Tuesday, December 15, 2015
William Hodgins, Town and Country
A reader recently suggested that I write about Boston designer William Hodgins, whose work has been woefully absent on my blog until today. Hodgins is, in a way, like designer Dan Carithers. Both men eschewed New York for Boston and Atlanta, respectively, and yet, despite not living in the epicenter of the design world, managed to forge high-profile careers and earn their places in the annals of American design.
A good introduction to the work of Hodgins might be this early-1990's House Beautiful article, which featured both his gracious Back Bay apartment and his country house. In both homes, Hodgins has seamlessly blended elegance with comfort, traditional antiques with modern furniture, and American down-to-earth-ness with Continental sophistication, all underpinned by a neutral color palette and Hodgins's rigorous editing.
Also worth pointing out is the seemingly superb quality of both home's furnishings.
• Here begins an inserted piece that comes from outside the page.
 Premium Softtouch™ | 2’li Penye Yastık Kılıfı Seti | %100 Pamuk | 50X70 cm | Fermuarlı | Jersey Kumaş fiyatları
There are no junky accessories or random-looking pieces of furniture. Everything seems to have been chosen with the utmost care. Then again, that neutral color palette requires superb furnishings, because those neutral tones just don't have the ability to mask inferior furniture and fabrics like robust colors do.
If you wish to see more of Hodgins's work, you might want to read William Hodgins Interiors by Stephen Salny. Although I have not read the book, it appears to be a monograph worth checking out.